As described in a 2016 study, examination of melanosomes preserved in the specimen of Psittacosaurus preserved with integument indicated that the animal was countershaded, likely related to living in a dense forest habitat with little light, much like many modern species of forest-dwelling deer and antelope; stripes and spots on the limbs may represent disruptive coloration. The specimen also had dense clusters of pigment on its shoulders, face (possibly for display), and cloaca (which may have had an antimicrobial function, though this has been disputed), as well as large patagia on its hind legs that connected to the base of the tail. Its large eyes indicate that it also likely had good vision, which would have been useful in finding food or avoiding predators. The authors pointed out that there might have been variation in coloration across the range of the animal, depending on differences in the light environment.[44] [45] [46] The authors were unable to determine which species of Jehol Formation Psittacosaurus the specimen belonged to due to the way the skull is preserved, but ruled out P. mongoliensis, based on hip features.[47] Another 2016 study used laser-stimulated fluorescence imaging to analyze the internal structure of the bristles. The highly cornified bristles were arranged in tight clusters of three to six individual bristles, with each bristle being filled with pulp. The authors considered the bristles as being most similar to the quills of Tianyulong, and the sparsely distributed elongated broad filamentous feathers (EBFFs) of Beipiaosaurus. Similar, non-feather-derived bristles are found in a few extant birds such as the "horn" on the horned screamer and the "beards" of turkeys; these structures differ from feathers in that they are unbranched, heavily cornified and do not develop from a follicle, but instead arise from discrete cell populations that exhibit continuous growth.[48] A 2016 study by Ji Qiang and colleagues was published in the Journal of Geology. Their conclusion was that these were actually highly modified scales because the morphology and anatomy did not resemble feathers.[49] A darkened soft-tissue structure was also found near the jugal horn; this may represent a keratinous sheath or a skin flap.[50]
A 2021 study of SMF R 4970 examined its cloaca, the first one known from a non-avian dinosaur. The positioning of the individual when it died is oriented obliquely, so the structure can be seen better in the right side. Psittacosaurus cloaca is comparable to those of crocodilians, with discrete lateral lips that converge anteriorly, giving the cloaca a v-shape anatomy. It also shows resemblance to that of birds, with the dorsal lobe being homologous to the birds' cloacal protuberance.[51] A 2022 study of SMF R 4970 identified it as an approximately 6–7 year old subadult by comparing its femoral length to that of similarly-aged specimens of P. lujiatunensis, and found that it preserves the first umbilicus (belly button) known from a non-avian dinosaur (the oldest known from an amniote).
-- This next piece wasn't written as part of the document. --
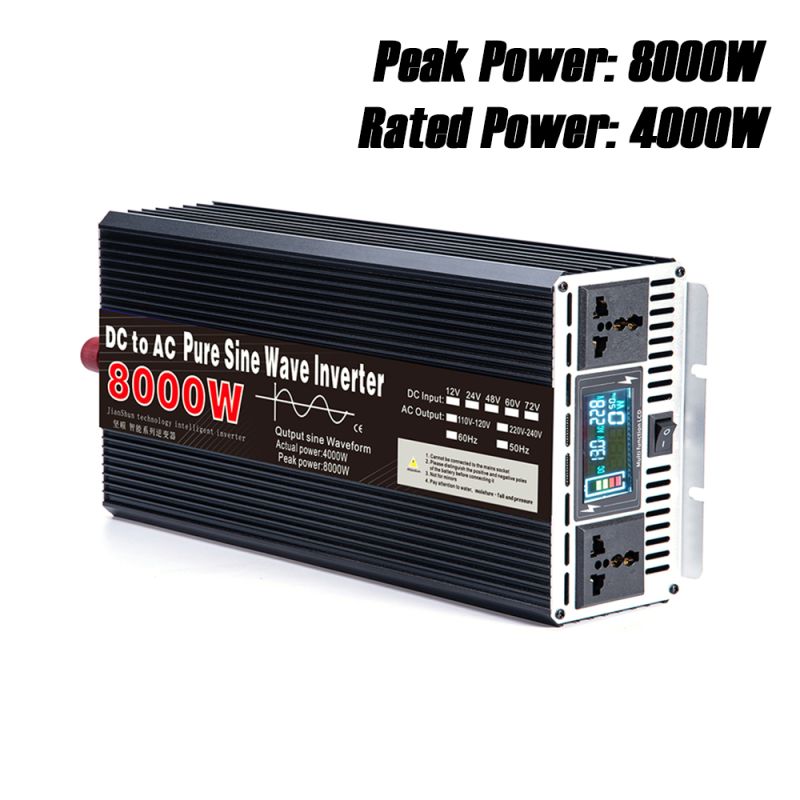 Inversor de Onda Sinusoidal Pura 8000W DC 12V 24V a AC 110V 220V Energía Solar Alta Calidad Para RV y Hogar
Because the specimen is close to sexual maturity, it is likely that the umbilicus probably retained throughout this individual's life and that Psittacosaurus had its umbilicus at least until sexual maturity. It is uncertain whether the umbilicus is present in mature or nearly mature individuals of all non-avian dinosaurs.[52]
Skulls of P. mongoliensis are flat on top, especially over the back of the skull, with a triangular depression, the antorbital fossa, on the outside surface of the maxilla (an upper jaw bone). A flange is present on the lower edge of the dentary (the tooth-bearing bone of the lower jaw), although it is not as prominent as in P. meileyingensis or P. major (=P. lujiatunensis). P. mongoliensis is among the largest known species. The skull of the type specimen, which is probably a juvenile,[34] is 15.2 centimetres (6 in) long, and the associated femur is 16.2 centimetres (6.4 in) in length.[53] Other specimens are larger, with the largest documented femur measuring about 21 centimetres (8.25 in) long.[54]
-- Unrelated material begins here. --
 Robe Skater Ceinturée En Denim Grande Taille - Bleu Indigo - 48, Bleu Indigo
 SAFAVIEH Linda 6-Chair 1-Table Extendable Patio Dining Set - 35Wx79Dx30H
P. sinensis is readily distinguished from all other species by numerous features of the skull. Adult skulls are smaller than those of P. mongoliensis and have less teeth. Uniquely, the premaxillary bone contacts the jugal (cheek) bone on the outside of the skull. The jugals flare out sideways, forming 'horns' proportionally wider than in any other known Psittacosaurus species except P. sibiricus and P. lujiatunensis. Because of the flared cheeks, the skull is actually wider than it is long. A smaller 'horn' is present behind the eye, at the contact of the jugal and postorbital bones, a feature also seen in P. sibiricus. The mandible (lower jaw) lacks the hollow opening, or fenestra, seen in other species, and the entire lower jaw is bowed outwards, giving the animal the appearance of an underbite.[12] [10] The skull of an adult P. sinensis can reach 11.5 centimeters (4.5 in) in length.[34]
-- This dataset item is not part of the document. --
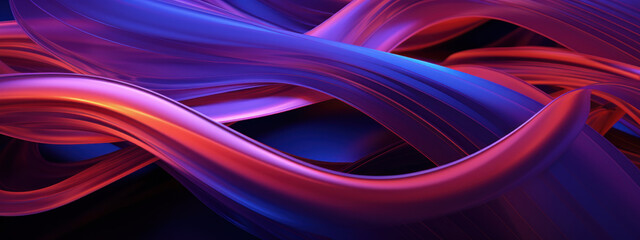 Vibrant 3D of neon purple wave glowing against a dark backdrop.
P. sibiricus is the largest-known species of Psittacosaurus. The skull of the type specimen is 20.7 centimetres long (8.25 in), and the femur is 22.3 cm (8.75 in) in length. It is also distinguished by its neck frill, which is longer than any other species, at 15 to 18% of skull length. A very striking feature of P. sibiricus is the number of 'horns' around the eyes, with three prominences on each postorbital, and one in front of each eye, on the palpebral bones. Similar horns found on the postorbital of P. sinensis are not as pronounced but may be homologous. The jugal has extremely prominent 'horns' and may contact the premaxilla, both features also seen in the possibly related P. sinensis. There is a flange on the dentary of the lower jaw, similar to P. mongoliensis, P. meileyingensis, and P. sattayaraki. It can be told apart from the other species of Psittacosaurus by a combination of 32 anatomical features, including six that are unique to the species. Most of these are skull details, but one unusual feature is the presence of 23 vertebrae between the skull and pelvis, unlike the 21 or 22 in the other species where the vertebrae are known.[38]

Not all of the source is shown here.